For this reason, the initial data massaging and processing is often done with Python `list`s, `dict`s, and `set`s.

These core data structures are optimized for general-purpose storage and processing.  Adding streaming computation with iterators/generator expressions or libraries like `itertools` or [`toolz`](https://toolz.readthedocs.io/en/latest/) let us process large volumes in a small space.  If we combine this with parallel processing then we can churn through a fair amount of data.

Dask.bag is a high level Dask collection to automate common workloads of this form.  In a nutshell

    dask.bag = map, filter, toolz + parallel execution

## Setup

Choose from the following two options to create a client:

In [164]:
# If you run this notebook on your local computer or NCI's VDI instance, you can create cluster
from dask.distributed import Client
client = Client()
print(client)

<Client: 'tcp://127.0.0.1:43867' processes=8 threads=48, memory=161.06 GB>


In [None]:
# If you run this notebook on Gadi under pangeo environment, you can create cluster using scheduler.json file
from dask.distributed import Client, LocalCluster
client = Client(scheduler_file='../scheduler.json')
print(client)

<div class="alert alert-info">
<b>Warning: Please make sure you specify the correct path to the schedular.json file within your environment.</b>  
</div>

Starting the Dask Client will provide a dashboard which is useful to gain insight into the computation. The link to the dashboard will become visible when you create the Client. We recommend having the Client open on one side of your screen and your notebook open on the other side, which will be useful for learning purposes.

## Creation

You can create a `Bag` from a Python sequence, from files, or from data on a remote service url, etc. We demonstrate using `.take()` to show elements of the data. (Doing `.take(1)` results in a tuple with one element)

Note that the data are partitioned into blocks, and there are many items per block.
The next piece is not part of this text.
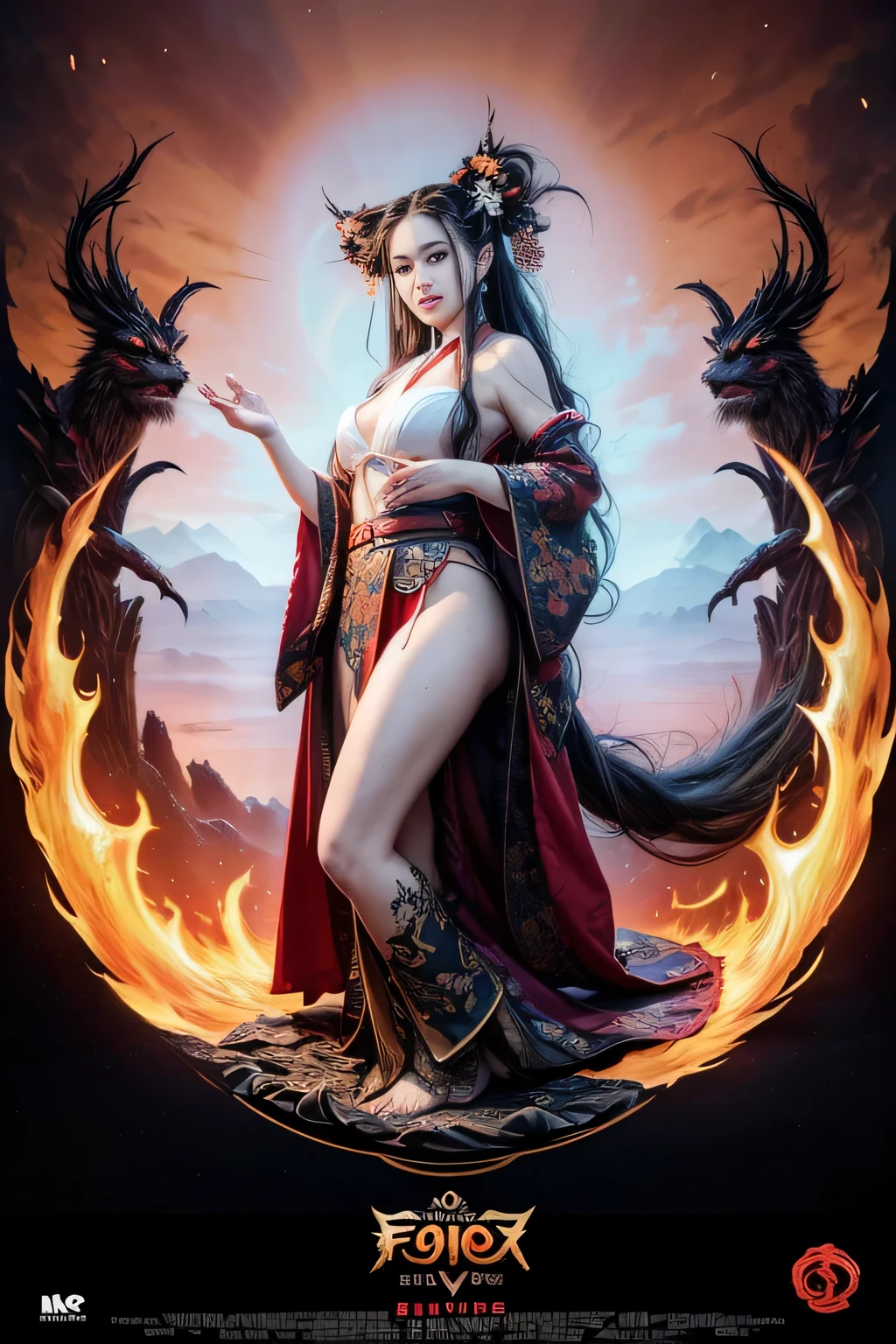 Handsome girl, 25 years old, Asian, master work, best picture quality, higher quality, high detail, super high resolution, (realistic: 1.4) 8k resolution, delicate facial features, girls, sexy body, tattoos, glowing eyes, short hair, gray hair, hair details, (full body: 0.6), detailed background , [[Look away, look to the side, emphasize femininity and pay attention to every detail , Open Hanfu transparent tulle jacket, naked chest, naked abs, soft medium breasts, (crotch bulge), , Fa gong, Chinese kung fu, fingerless gloves, Wristbands, dragon themed costumes, monk robes, dynamic composition, wood, wood background, very much wood, wood around the body, dead wood, lots of branches background, Chinese wood carving, wood carving modeling crafts, holding wood carving magic vessels, night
In the first example, the two partitions contain five elements each.

In [3]:
# each element is an integer
import dask.bag as db
b1 = db.from_sequence([1, 2, 3, 4, 5, 6, 7, 8, 9, 10], npartitions=2)
b1.take(3)

(1, 2, 3)

In the second example, dask bag sequences a list with different data type

In [4]:
nested_containers = [[0, 1, 2, 3],{},[6.5, 3.14], 'Python', {'version':3}, '' ]
b2 = db.from_sequence(nested_containers) 
b2.count().compute()

6

In the third example, each file is partitioned into one or more bytes blocks.

In [6]:
# each element is a text file, where each line is a JSON object
import os
b3 = db.read_text(os.path.join('/g/data/dk92/notebooks/demo_data/cmip6_json','*.json'))
b3.take(1)

('{"Conventions": ["CF-1.7 CMIP-6.2"], "activity_id": ["CMIP"], "branch_method": ["standard"], "creation_date": ["2019-11-15T02:37:21Z"], "data_specs_version": ["01.00.30"], "experiment": ["1 percent per year increase in CO2"], "experiment_id": ["1pctCO2"], "external_variables": ["areacella"], "frequency": ["mon"], "further_info_url": ["https://furtherinfo.es-doc.org/CMIP6.CSIRO.ACCESS-ESM1-5.1pctCO2.none.r1i1p1f1"], "grid": ["native atmosphere N96 grid (145x192 latxlon)"], "grid_label": ["gn"], "history": ["2019-11-15T02:37:21Z ; CMOR rewrote data to be consistent with CMIP6, CF-1.7 CMIP-6.2 and CF standards."], "institution": ["Commonwealth Scientific and Industrial Research Organisation, Aspendale, Victoria 3195, Australia"], "institution_id": ["CSIRO"], "mip_era": ["CMIP6"], "nominal_resolution": ["250 km"], "notes": ["Exp: ESM-1pctCO2; Local ID: PI-1pct-01; Variable: tasmax ([\'fld_s03i236_max\'])"], "parent_activity_id": ["CMIP"], "parent_experiment_id": ["piControl"], "parent_mi

## Manipulation

`Bag` objects hold the standard functional API found in projects like the Python standard library, `toolz`, or `pyspark`, including `map`, `filter`, `groupby`, etc..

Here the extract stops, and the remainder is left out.